Polls, Catholics and abortion

In the light of renewed interest in the public debate about abortion, Queensland Bioethics Centre director RAY CAMPBELL, who is a spokesman for Brisbane archdiocese on ethical issues, considers where Catholics stand on the issue

THERE seems to be some confusion regarding what the Catholic Church believes about abortion and what individual “Catholics” do and believe.

It is said by some that Catholics have abortions at about the same rate as do others in the population. This appears to be true. However, if we consider only those Catholics who actively participate in their local church through such things as weekly Mass attendance then the percentage is considerably lower.

Similarly it is said that more Catholics support the decriminalisation of abortion than oppose it. But once again for the statistic to be meaningful one would have to distinguish between nominal Catholics and Catholics who participate in their Church.

Polls are notoriously ambiguous on the question of abortion. Most of the popular polls ask one simple question, such as “are you in favour of the decriminalisation of abortion?”

A majority tend to answer “yes” to this question. However more in-depth polling reveals some interesting answers.

In an extensive poll conducted by Market Facts (Qld) Pty Ltd, the majority of respondents indicated they supported “abortion on demand”. The respondents were then asked if they favoured abortion for social and financial reasons.

Only 39 per cent indicated that they did! Yet most abortions are carried out for social and/or financial reasons.

So the support for real “abortion on demand” is not as great as the pro-abortion lobby would have us believe.

What individual Catholics believe regarding the moral rights and wrongs of abortion is much harder to establish.

However, what the Catholic Church believes and teaches is very clear. From the time of the apostles to the present the Church has taught that abortion is a grave moral disorder.

Because of the confusion generated in a world which tends to have lost its moral compass over abortion, Pope John Paul II spelt our the Church’s position very clearly in his encyclical, “The Gospel of Life”.

Having repeated the constant teaching of the Church regarding the sacredness of every human life, John Paul II stated: “Therefore, by the authority which Christ conferred upon Peter and his Successors, in communion with the bishops – who on various occasions have condemned abortion and who in the aforementioned consultation, albeit dispersed throughout the world, have shown unanimous agreement concerning this doctrine – I declare that direct abortion, that is, abortion willed as an end or as a means, always constitutes a grave moral disorder, since it is the deliberate killing of an innocent human being.
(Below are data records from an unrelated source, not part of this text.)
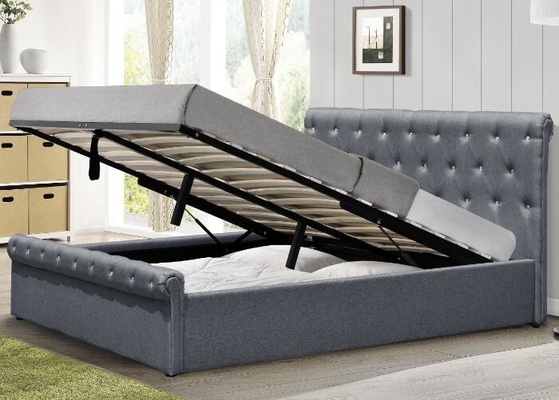 Diamond Buttons Gas Lift Storage Bed Bed Double Size Grey Linen Ottoman Bed Chứng nhận BSCI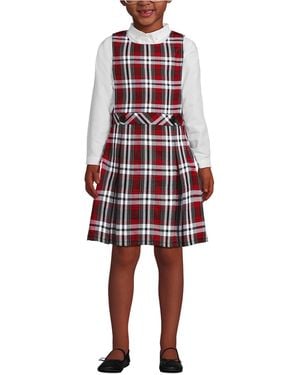 Lands' End School Uniform Girls Plaid Sweater Top Of Knee - Red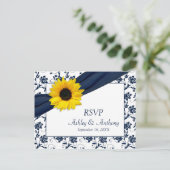 Carte postale RSVP Sunflower Navy Mariage damassé (Debout devant)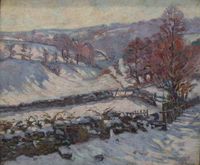 Paysage de neige à Crozant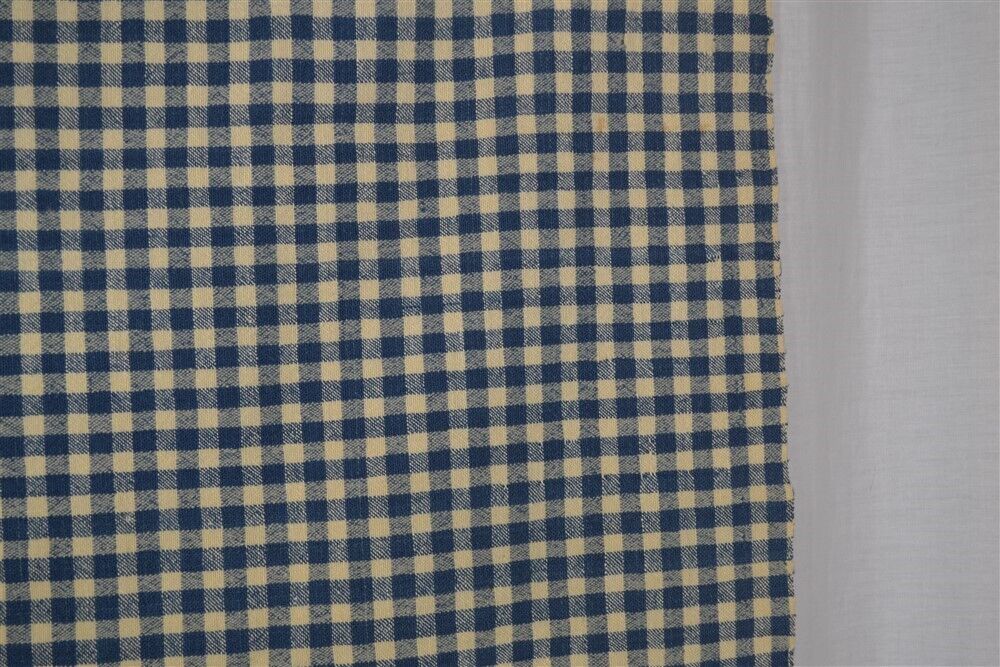  antique wool homespun panel piece blue/white check 35x74 mid 19th c original 
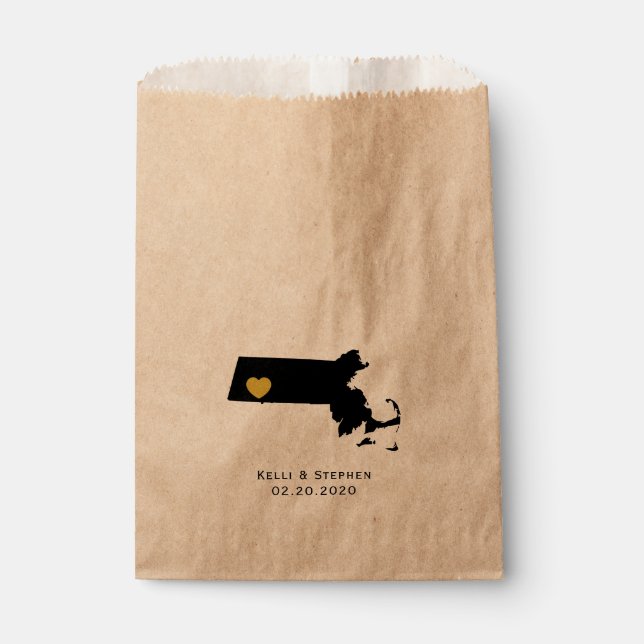 Massachusetts Wedding Favour Treat Sacks, Gift Bag (Front)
“This doctrine is based upon the natural law and upon the written Word of God, is transmitted by the Church’s Tradition and taught by the ordinary and universal Magisterium.

“No circumstance, no purpose, no law whatsoever can ever make licit an act which is intrinsically illicit, since it is contrary to the Law of God which is written in every human heart, knowable by reason itself, and proclaimed by the Church.” (n.62)

It is clear by the wording that Pope John Paul II was proclaiming this as the irreformable teaching of the Catholic Church. This is part of what the Catholic Church believes.

The Church also believes that we should do all we can to support pregnant women, and to bring healing to those who suffer after having been through an abortion.

Catholics who say they are Catholic and yet reject this teaching are in a rather odd position. The Catholic Church is a communion of faith.

One enters into this communion by virtue of baptism at which time we (or our parents and godparents) declare our common faith. One remains a Catholic by continuing to share in that communion of faith.

To the extent that one rejects what the communion of faith believes as expressed through the definitive teaching of the Magisterium, to that extent at least one is not in communion with the communion of faith.

So a Catholic who holds that abortion is simply a “woman’s choice” is to that extent not in communion with the Catholic Church, and to that extent is not speaking “as a Catholic”.

Moreover this is a slippery slope. In order to justify the acceptance of abortion one has to reject a definitive teaching of the Magisterium. But that amounts to a rejection of the authority of the Magisterium to teach, although many people do not realise that this is what they are doing.

This authority to teach is constitutive of the Catholic Church’s self-understanding. So the “pro-abortion” Catholic does not share in the communion of faith regarding the Church itself. How far down the slope does one go before one stops being a Catholic?

Pope John Paul II did not simply repeat the teaching of the Church on abortion. He called upon all to work to establish a “culture of life”, to be “people of life and for life”. May we all heed his call.